結果は一番年長の梶田真未(ソプラノ)が優勝で、メゾ・ソプラノの花房英里子が2位、バスの奥秋大樹が3位だった。聴衆賞はメゾの花房。僕の受けた印象としては、梶田は声もよく出ていて、これといった欠点が感じられない出来栄え。2位の花房はよいのだが、メゾで求められる低音域が少し弱いと感じた。バスの奥秋は声はとても良かったが、時々音程に不安が感じられた。これから練習すれば、大成しそうな予感もする。揚げ

やっぱり、オペラが好きなので、こうした声楽を聞くとすっかり気分がよくなった。帰りはスーパーで買い物して、家で食事。サラダ、豚ロースのチーズと大葉のはさみ揚げ、飲み物はボルドーの白。

バレエ・アステラス2021

2021-08-29 11:03:27 | バレエ
8月28日(土)の昼に、新国立劇場でバレエ・アステラス2021を見る。「海外で活躍する日本人バレエダンサーを迎えて」という副題の通り、海外のバレエ団にいる日本人ダンサーを夏休みに帰郷させて踊ってもらうという趣。昨年はコロナのために実施されず、今年はどうなるのかなと思っていたら、実施するというので見に行った。28日と29日の2回公演で、人は同じだが演目は少し変わる。1階席は8割程度の入りで、2階、3階にも人が入っていた。

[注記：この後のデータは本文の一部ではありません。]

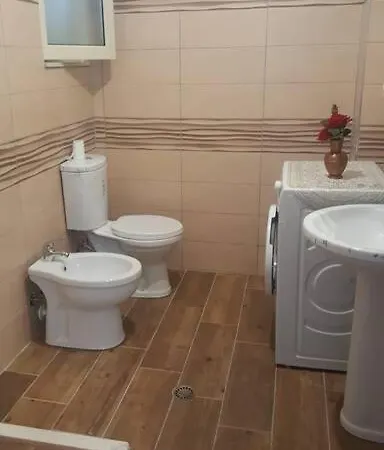 One Bedroom By The Seaside Durrës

開演前に事務局の人が出てきて、バレエ研修所のメンバーに発熱者が出たが、ほかの人は大丈夫との話があった。バレエ研修所のメンバーは自宅待機せざるを得ないとのことで、それは良いのだが、研修所のメンバーが踊る予定になっていた3演目がなくなるのか、ほかの人に代わるのかなどの話がなかったので、ちょっと不親切。結局は3演目が抜けただけだった。

別に研修所の踊りが目的でないから、ゲストダンサーが踊ればよいのだが、6組の踊りが続けて踊られることになる。そうすると、6組のうち5組がプティパのパ・ド・ドゥで、一組がフォーキンの「バラの精」という形。プティパがいかに偉大な振付家だとしても、前半の「コッペリア」(プティパ版)、「海賊」、「ドンキ」を続けて見せられると、音楽も踊りも似たような感じで、ちょっと芸がない感じ。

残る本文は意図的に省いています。